Reunions continue conversations and might start others
By Curtis Seltzer

BLUE GRASS, Va.—Life may be like high school, but, thankfully, reunions are designed to be better, and usually are.

The Class of 1963 turned 65 in 2010, and my Peabody High School classmates are gathering in Pittsburgh 47 years later.

Many of us ended up as fairly predictable extensions of our talents, taste for work and upbringing. But we had a few surprises—some good, some not.

I’m one of the few -- maybe, the only one -- who washed up in the American outback. I think I was drawn to the foot of Snowy Mountain by the absence of cocktail parties, at which I’m truly bad. My chit is dreadful, and my chat is worse.

I wasn’t born to the manure spreader, though impartial observers disagree on this point. Pittsburgh’s East End was not a seedbed for Future Farmers of America.

The closest I got to a cow during high school was the dreary Eat’n Park on Washington Boulevard where I once threw a Big Boy double burger at a girl who is now a high-ranking career public servant in Connecticut. It took a long time after I got home to clean that mayonnaise-based special sauce off the seat of my mother’s ’55 Chevy.

Boys in high school are creatures of testosterone combined with an immature prefrontal cortex, the part of our brain that exercises control over impulses and weighs consequences. In males, the prefrontal cortex shapes up in our mid-20s. Testosterone was our gas pedal while the prefrontal cortex was an unreliable handbrake. This, I hope, explains my Big Boy episode, among many others.

About 10 percent of my class has died…and they’re not likely to attend. We’ll put them on our shoulders as 17-year-olds.

We lost one in Vietnam, 21. Another -- who lived a block away -- came home disabled. And a short, quiet guy was killed in a drug raid, going through a door as a DEA agent. We’ve lost our scariest guy and the one who went through Yale in three years.

I grieve each deduction and replay their memories.

We’ve also lost those who never came back to the four earlier reunions. I’m sure they had good reasons. My guess is that they don’t want to revisit who they were in high school or what high school was—the embarrassments, the pressure, the putdowns, the comeuppances, the large amount of institutional idiocy.

Every class has a small volunteer group that organizes reunions. They spend an enormous amount of time doing this for us. Without their work, it doesn’t happen. No amount of thanks is sufficient.

I feel an obligation to them and to myself to participate. Attendance is like keeping a pinch of sourdough starter going in the back of the refrigerator. It’s just better to stick with some things than to stop. 

Reunions are as much about touching again who each of us once was as seeing who each of us has become. Re-grounding ourselves in that vulnerable moment can help us take the next steps forward.

Teenagers are works in progress, even those who seemed the coolest, the most completed. Whoever we are today was there back then if only in our own shadows.

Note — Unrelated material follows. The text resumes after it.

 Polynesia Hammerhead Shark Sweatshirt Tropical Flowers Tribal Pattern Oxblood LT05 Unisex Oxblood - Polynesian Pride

My classmates know me differently than how my wife and daughter do—a good thing for all concerned. I’m still “Corky.” Which is the way it should be.

One time through high school is plenty. Reunions make it better than it was. I’m pleased that nostalgia helps out and doesn’t cost too much.

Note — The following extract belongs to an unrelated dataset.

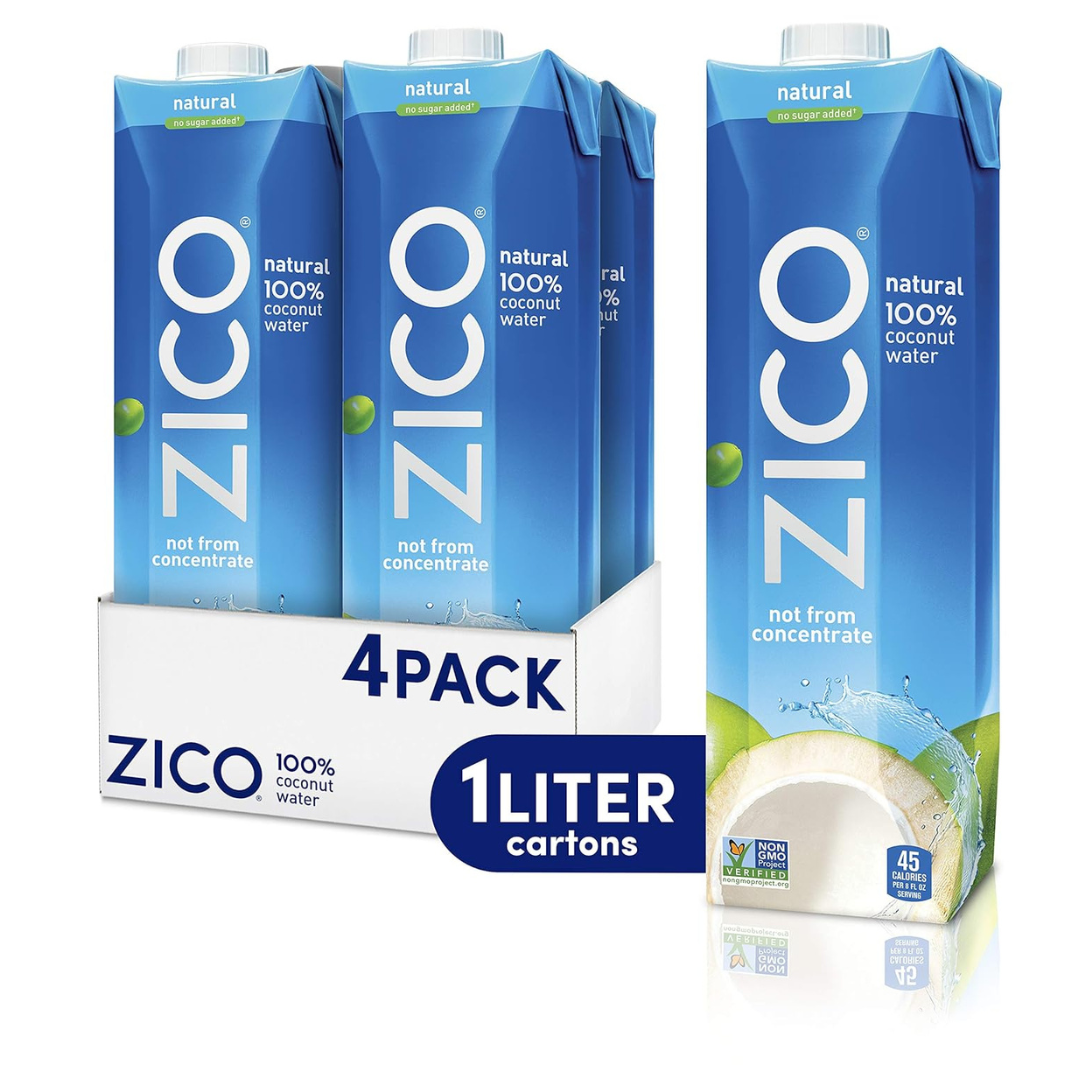4-Pack Zico 100% Natural Coconut Water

Peabody in the early 1960s was a large, urban school, what we call today, “diverse”—racially, religiously, ethnically and, to a lesser extent, economically. It drew from middle schools in very different neighborhoods. We were The Balkans writ small.

Though mixed together in homerooms, classes and hallways, we tended not to mix. We kept ourselves loosely segregated by tribal identifications. Our reunions still tend to group out this way.

I can’t explain my own failure to reach out more than I did. I’m troubled by the number of my classmates I’ve never spoken to.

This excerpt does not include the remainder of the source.